Problem description: In the listing that follows, print every line exactly and leave the images out.

Data section:
[Start of section]

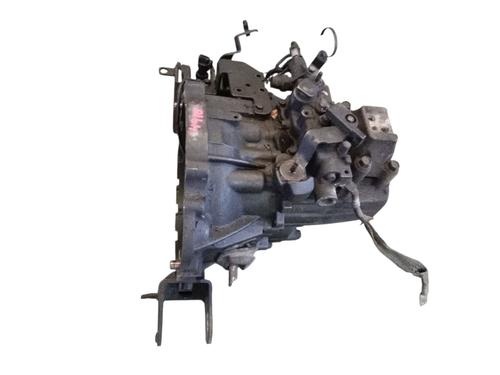 Gearbox KIA CEE'D Hatchback (ED) | BP38595632M3 - Image 3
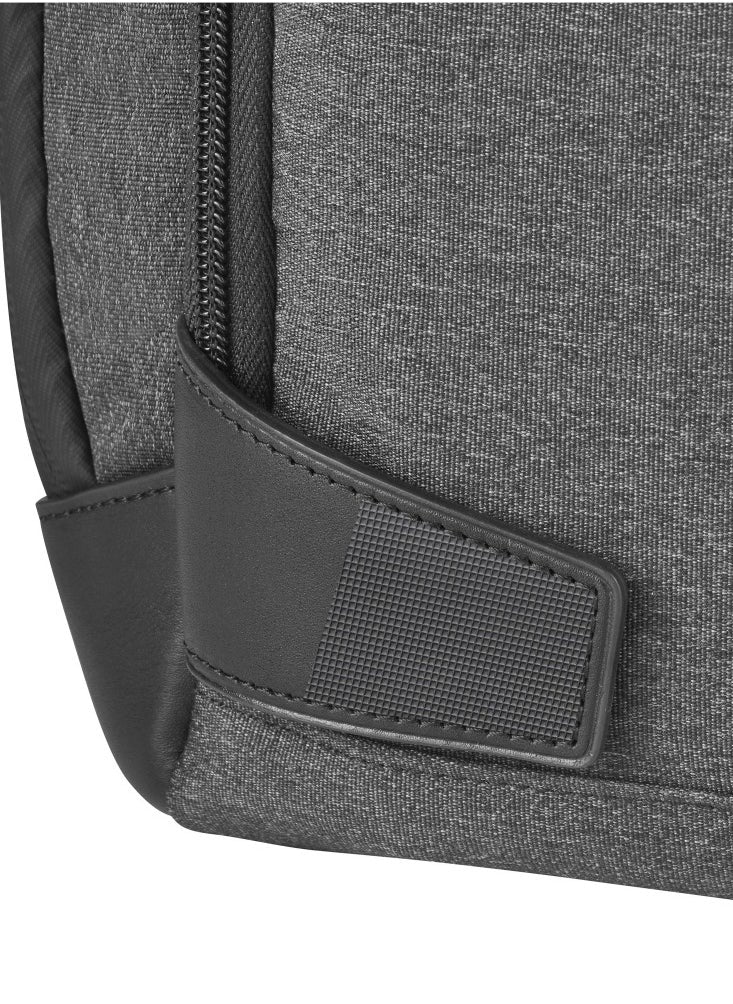 buy-victorinox-architecture-urban-2-deluxe-backpack-melange-grey-black_q1s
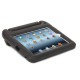 Kensington Funda SafeGrip para iPad K67792EU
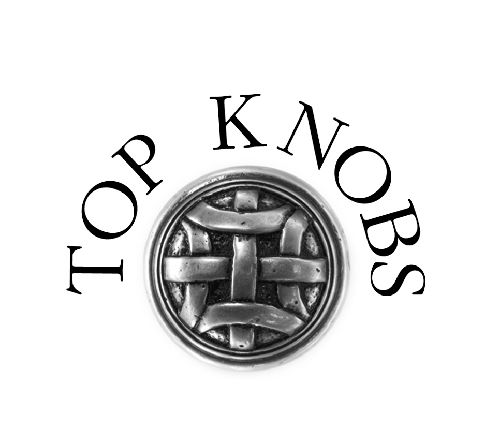 Top Knobs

[End of section]

Exercise result:
 Gearbox KIA CEE'D Hatchback (ED) | BP38595632M3 - Image 3
 buy-victorinox-architecture-urban-2-deluxe-backpack-melange-grey-black_q1s
 Kensington Funda SafeGrip para iPad K67792EU
 Top Knobs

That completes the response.